“Other studios were very unhappy about it because they didn’t want the carpet either — it’s pretty stinky,” said Ted Grand, 45, a Toronto-based environmental activist who with his partner Jessica Robertson, 36, replaced the required floor with sustainably harvested cork more in keeping with their beliefs. (Mr. Grand had first taught himself Bikram in the 1990s while living without electricity in the mountains of British Columbia, squinting at a photocopied fax of the 26 postures.)
Gregg Williams, a Bikram yoga spokesman, said that the founder Bikram Choudhury was a traditionalist and that the carpet, used in his first studio in 1971, was a branding issue.
“It’s like the guy at your corner McDonald’s who doesn’t want to use the M that way,” said Mr. Williams, a former studio owner. “What would McDonald’s say? They’d say absolutely not.” (Mr. Williams said wood floors plus sweat could lead to a lawsuit should someone slip. Besides, he added, wood is too expensive to require.)
So in 2004 Mr. Grand and Ms. Robertson left Bikram to create their brand of hot yoga, a reaction to all that frustrated them about their former discipline. There would be 40 postures and classes of varying length and format taught with no script, with the temperature set at just below 100 degrees rather than Bikram’s “torture chamber” (Mr. Choudhury’s description). Students are encouraged to drink water; Bikram suggests holding off as much as possible. And studios are to be of green construction from top to bottom. The selected name is Moksha, which is Sanskrit for freedom or liberation.
Moksha is not the first Bikram breakaway, but it is perhaps the most successful. Today there are 64 studios, and another 15 are to open next year.

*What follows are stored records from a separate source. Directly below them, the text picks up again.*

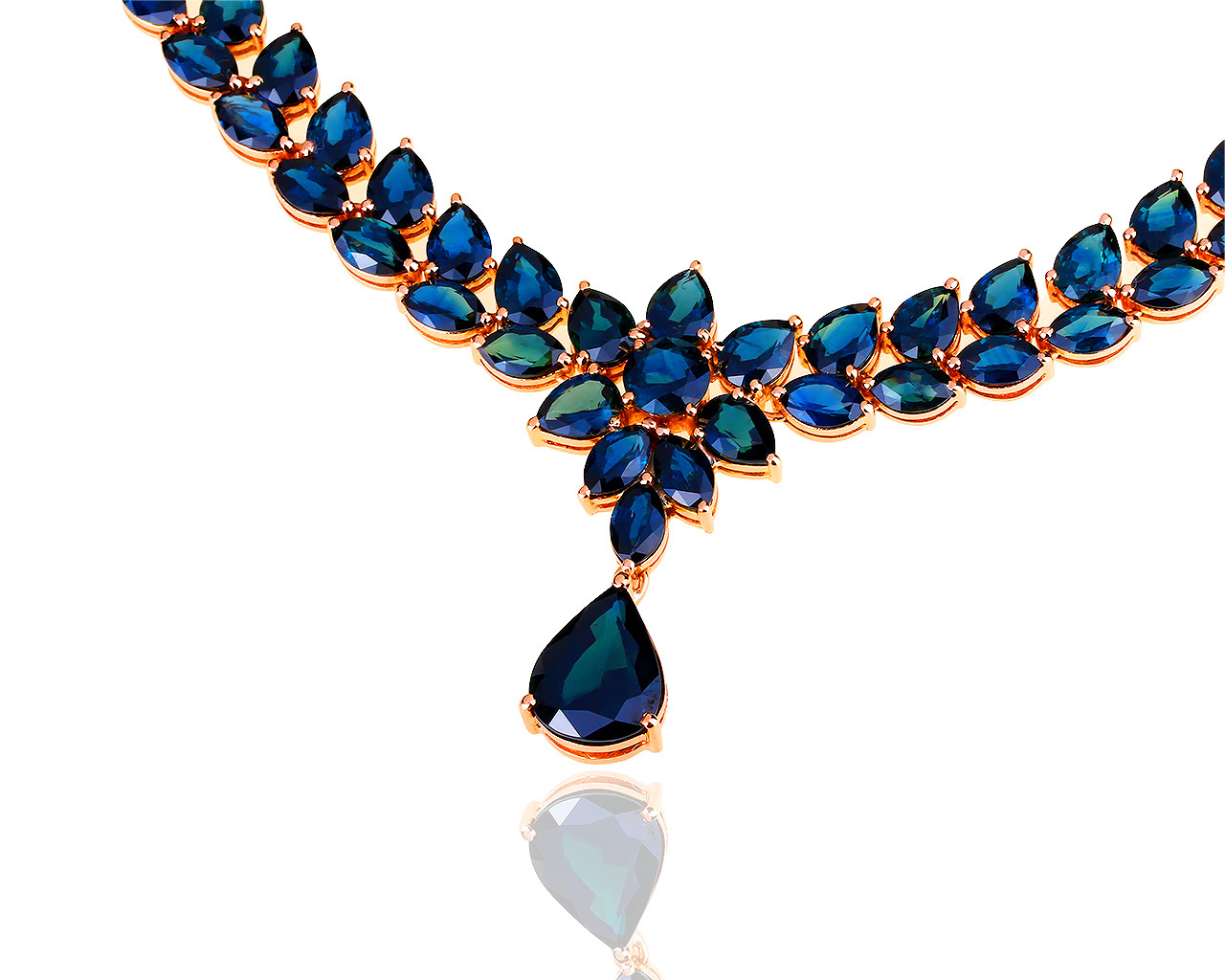 Роскошное золотое колье с сапфирами 96.16ct 140619/2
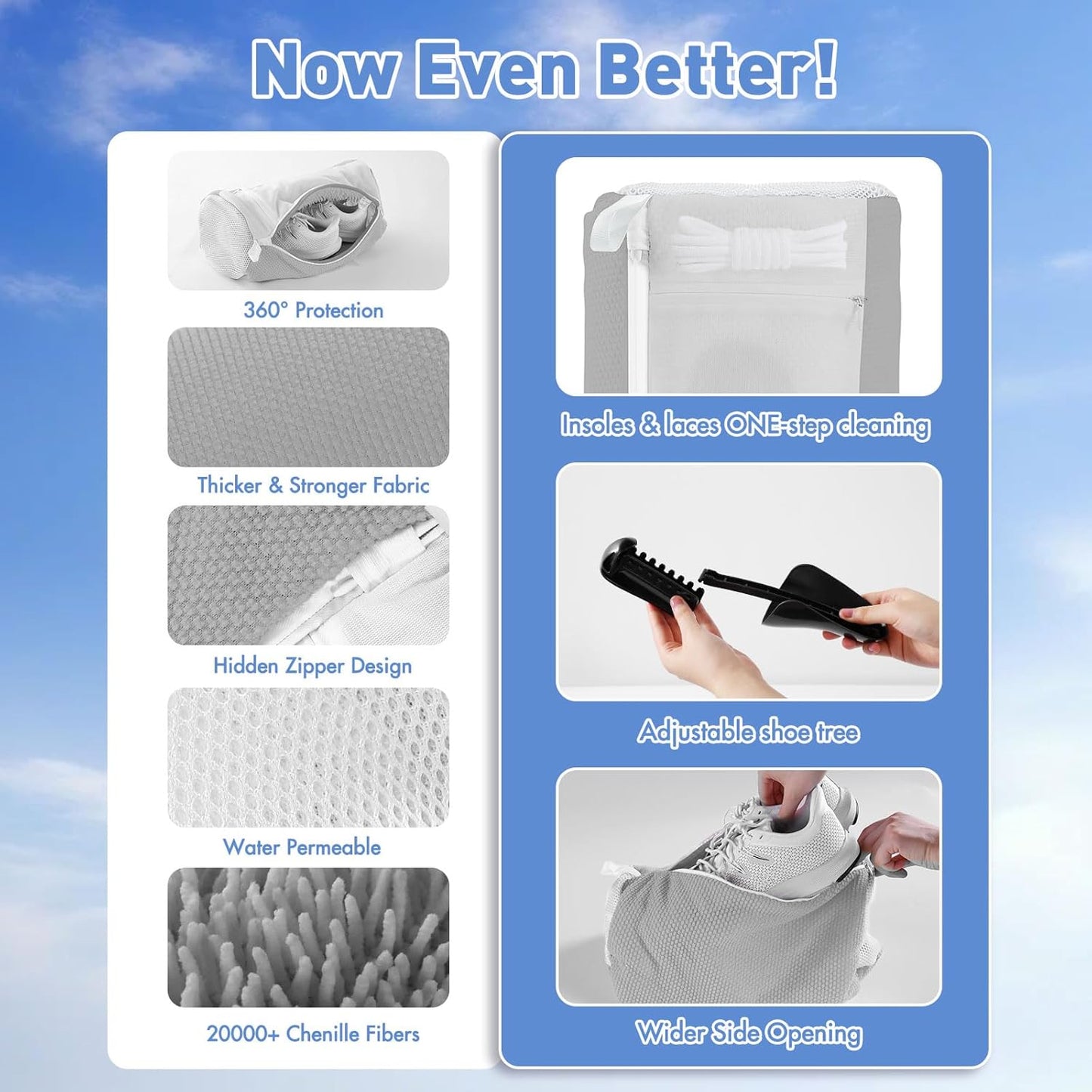 Shoe Washing Machine Bag for Washer and Dryer - Reusable Lint-free, Large Laundry Shoe Bag for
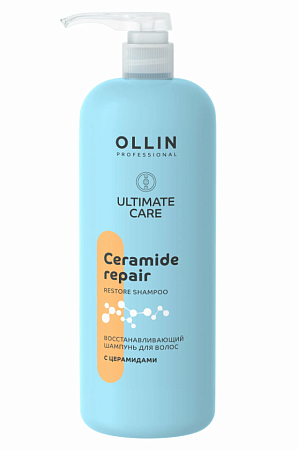 Восстанавливающий шампунь для волос OLLIN ULTIMATE CARE с церамидами 1000 мл 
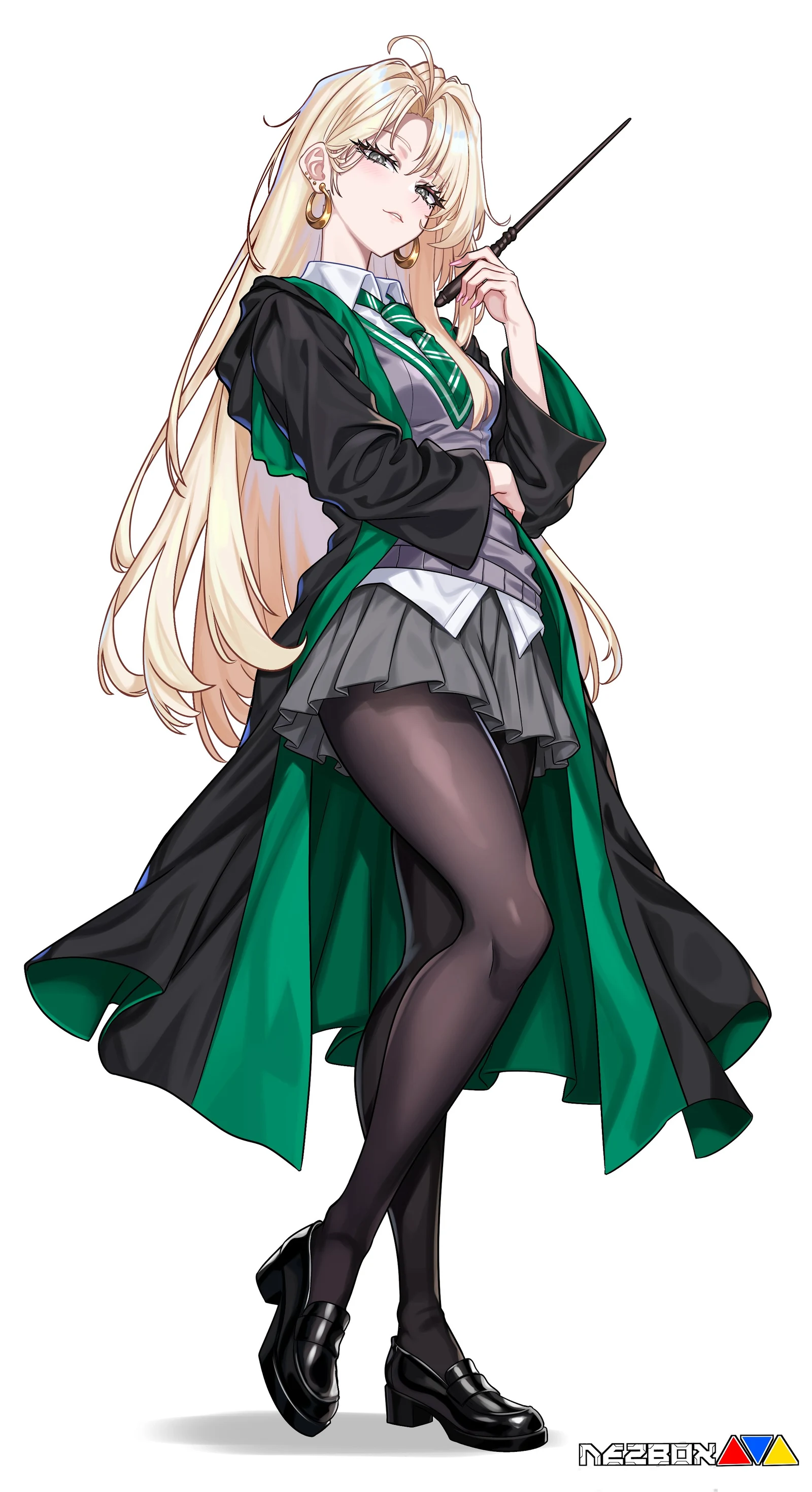 Пост #950: nez-box, harry_potter_(series), wizarding_world, malfoid, 1girl, artist_name, black_pantyhose, black_robe, black_shoes, blonde_hair, curtained_hair, diagonal-striped_clothes, diagonal-striped_necktie, ear_piercing, earrings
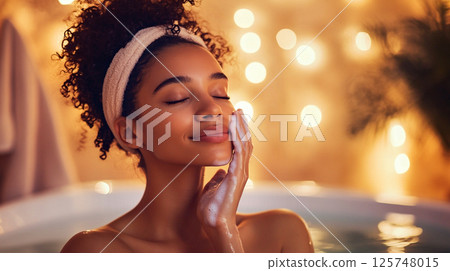 Wellness and relaxation. Woman in a spa, enjoying a moment of tranquility and self-care for her well-being. Relaxed woman at a wellness spa 125748015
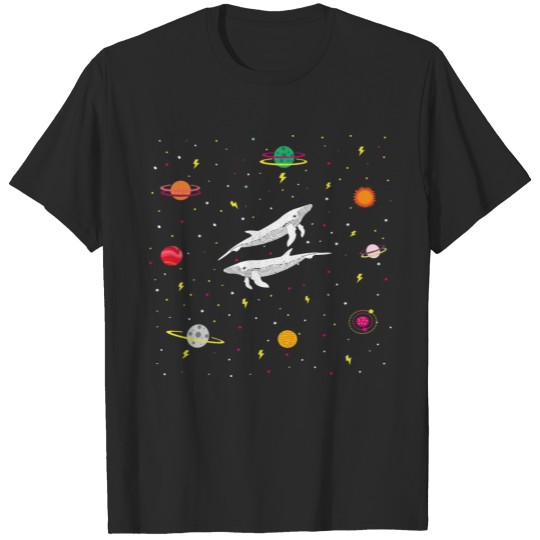 Discover whales swim in space T-shirt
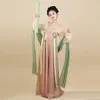Chinês antigo traje de dança tradicional ópera streamer hanfu chiff lg xale palco desempenho dança seda ribb e9j6 #
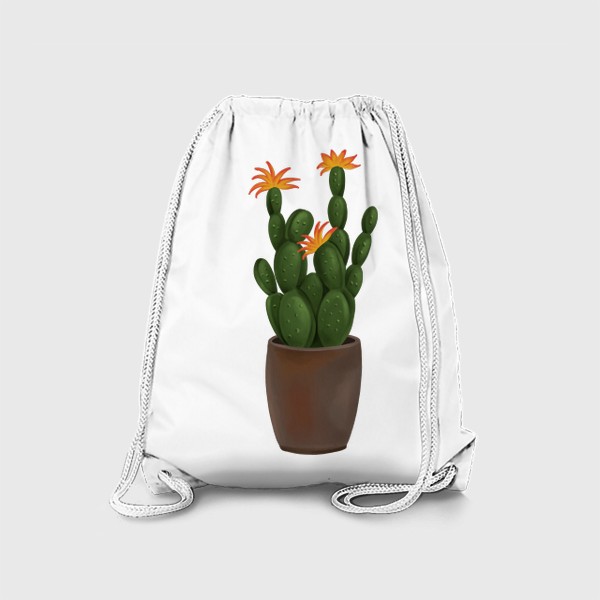 Рюкзак «Цветущий Кактус в горшке »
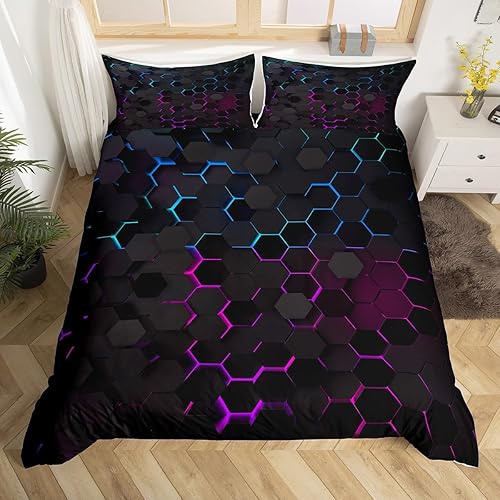 Juego de funda de edredón de nido de abeja, tamaño Queen, con estampado geométrico hexagonal geométrico, juego de ropa de cama de luces de neón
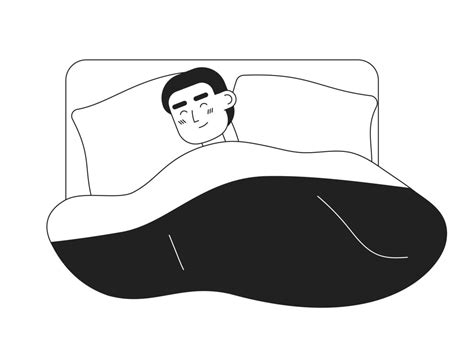 Young Man Sleeping In Bed With Comfort Monochromatic Flat Vector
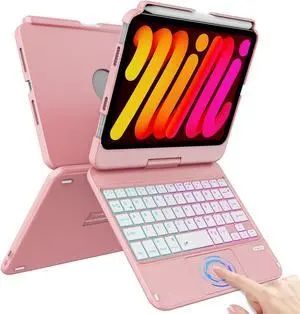 FUWANG Touchpad Keyboard Case for iPad mini 7 A17 Pro 2024 & Mini 6th Generation 2021 8.3 inch - 360° Swivel 7 Color Backlit Keyboard for iPad mini 7th 6th Generation with Pencil Holder, Rose Gold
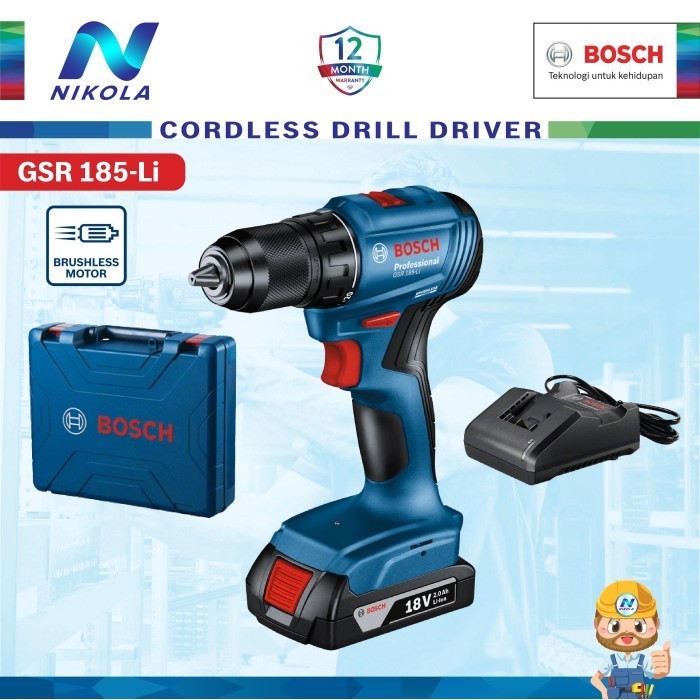 Terbaru Bosch Brushless Drill Driver 18V Gsr 185-Li Gsr185Li Promo Terlaris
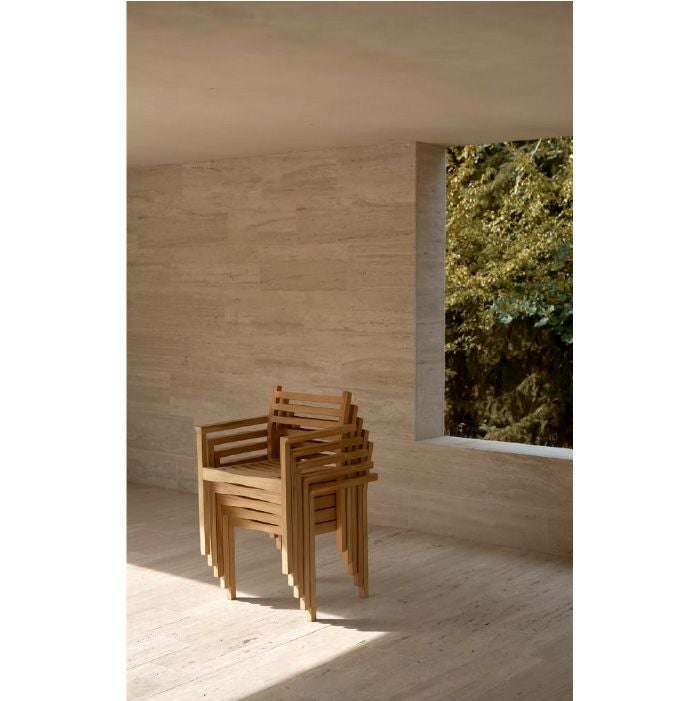 CARL HANSEN & SON（カールハンセン&サン）/AH502 Outdoor Dining Chair with Armrest（AHアウトドアシリーズ）/ダイニングチェア/チーク材/無塗装 【納期】約3～4週間（メーカー欠品時を除く）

In the United States, where the name Moksha already has been used by multiple Indian restaurants, a Las Vegas jam band and unrelated yoga studios, the studio owners in October voted to christen themselves Modo, a made-up word that stands for “the way or the path.” Bikram, whose founder publicly has referred to teachers of all other types of yoga as “clowns,” has some 500 studios worldwide. Mr. Williams said demand is showing no signs of cooling. (He dismissed years of published reports claiming at least 1,000 studios as “exaggerated.”)
Modo’s Manhattan location — students wearing recycled-bottle-cap capri pants can chaturanga on recycled-tire floors between vine-covered recycled denim walls — opened in a former D.J. school in the West Village in 2012. The freewheeling upstart yoga quickly has become a favorite of models, performers and fashion types, who praise its ability to strengthen, reduce stress and detoxify without the boredom (or time commitment) of Bikram.
Jenni Quilter, 33, said she had been to too many New York studios where “yoga just feels masochistic, like self-purification slash punishment, where no one’s eaten for five months and everyone’s in Lululemon.” She thought Bikram was too cultish, and was wary of Modo, but promptly bought a membership after her first class.
“I loved it,” said Ms. Quilter, an arts writer with a tattoo of a 17th-century pottery mark on her left arm. She said she was stronger from her practice, though she had yet to see the much-vaunted skin benefits of her now-daily sweat. “Maybe if I didn’t reward myself with wine so often,” she said.
The actress Katie Holmes has been spotted here, as has the hip-hop mogul Russell Simmons. Sarah Neufeld, 34, one of the studio’s four owners and the violinist for the indie rock band Arcade Fire, sometimes plays live for special Friday-night karma classes along with her childhood friend and a co-owner, Rebecca Foon, 34, a cellist for the modern chamber-music group Esmerine. The two curate music for classes where it’s offered and also teach, which Ms. Neufeld sometimes has done straight off a plane from touring (“I’m maybe not the most present,” she said ruefully). Music is forbidden in Bikram; it’s played in roughly half of Modo’s New York classes.